Motivation de la fermeture du compte par la banque
à la demande du client

Le présent article vise à imposer à l'établissement de crédit qui résilie unilatéralement une convention de compte de dépôt de motiver cette résiliation, de façon gratuite, auprès du client qui en fait la demande.

Si la situation de principe qui permet à une banque d'empêcher l'accès aux services de paiement qu'elle fournit sans avoir jamais à le justifier n'est pas acceptable, l'article laissait subsister dans sa rédaction initiale le risque de soumettre l'établissement de crédit à des injonctions contradictoires entre, d'une part, l'obligation de motiver la fermeture d'un compte et, d'autre part, l'interdiction de divulguer la déclaration de soupçon - qui peut précéder la fermeture de ce compte dans le cadre de la lutte contre le blanchiment et le financement du terrorisme.

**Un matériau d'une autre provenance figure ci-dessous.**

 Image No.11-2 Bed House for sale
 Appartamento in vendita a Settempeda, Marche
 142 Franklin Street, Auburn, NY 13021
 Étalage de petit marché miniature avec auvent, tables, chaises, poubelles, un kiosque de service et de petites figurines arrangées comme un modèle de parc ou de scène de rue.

La commission a donc adopté un amendement COM-1 du rapporteur prévoyant que la demande de résiliation ne peut pas faire l'objet d'une motivation lorsque celle-ci contrevient aux objectifs de sécurité nationale ou de maintien de l'ordre public. Ce faisant, il s'appuie sur une rédaction éprouvée pour les personnes bénéficiaires du droit au compte. Celle-ci permet d'inclure le cas où la banque a procédé à une déclaration de soupçon, sans pour autant s'y limiter, ce qui constituerait une divulgation en négatif. 

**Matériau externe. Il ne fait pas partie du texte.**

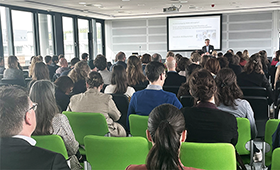 Publikum und Vortragender bei der Veranstaltung in Bonn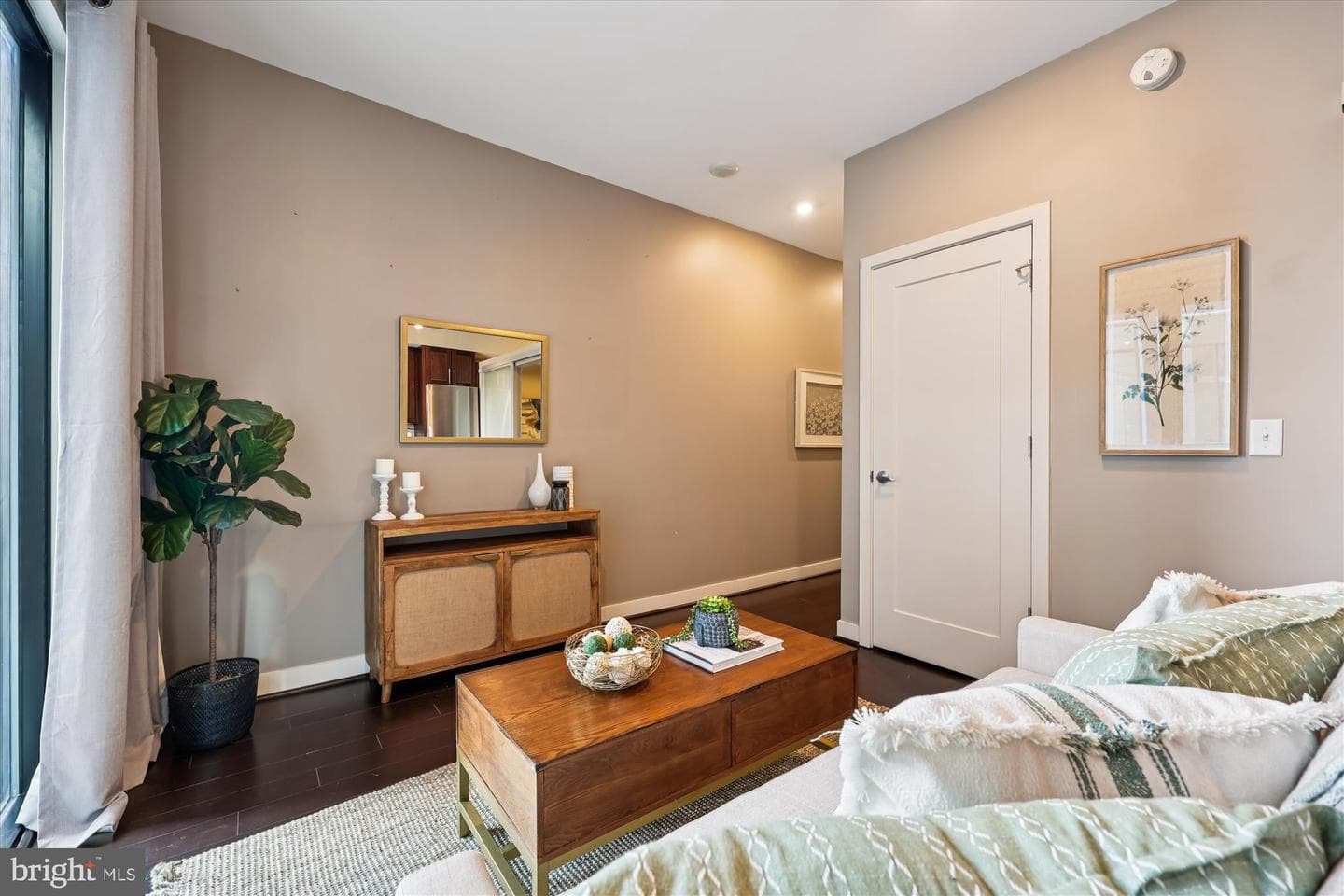 1320 Fenwick Lane #203 photo 5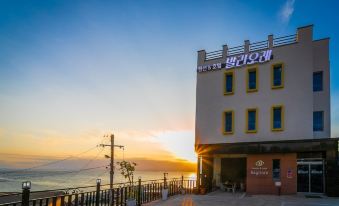 Pohang Bagliore Pension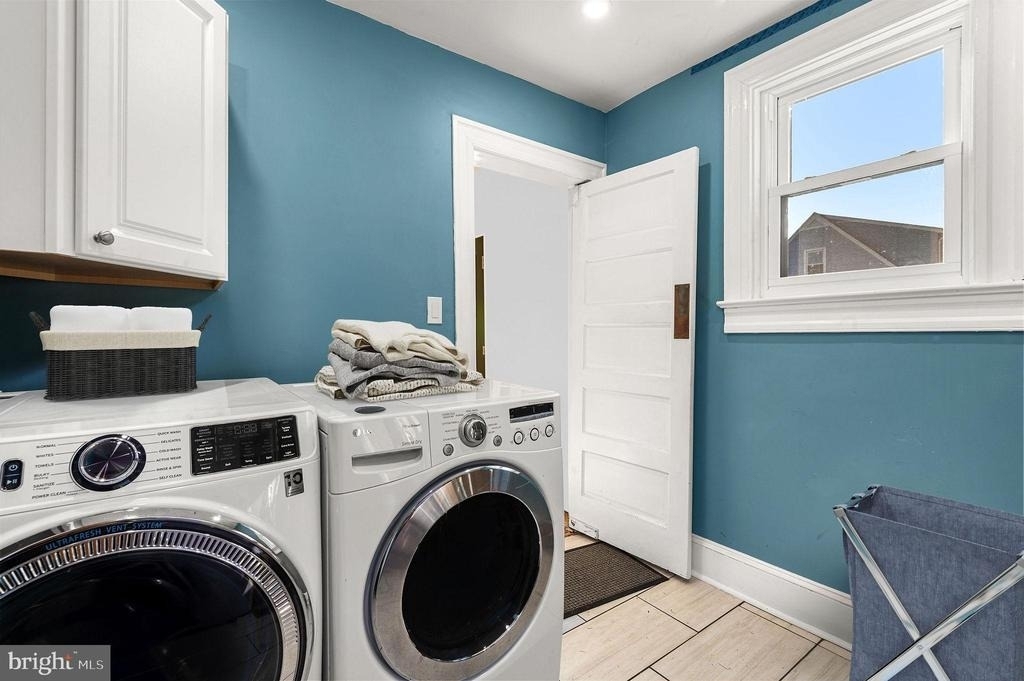 117 Park Avenue - Photo 2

Par ailleurs, le même amendement vise à renforcer la portée opérationnelle du dispositif. Il prévoit ainsi, d'une part, que le délai de réponse de l'établissement de crédit est limité à quinze jours ouvrés à compter de la réception de la demande et, d'autre part, que la motivation est effectuée par écrit, sur support papier ou sur un autre support durable.

La commission a adopté cet article ainsi modifié.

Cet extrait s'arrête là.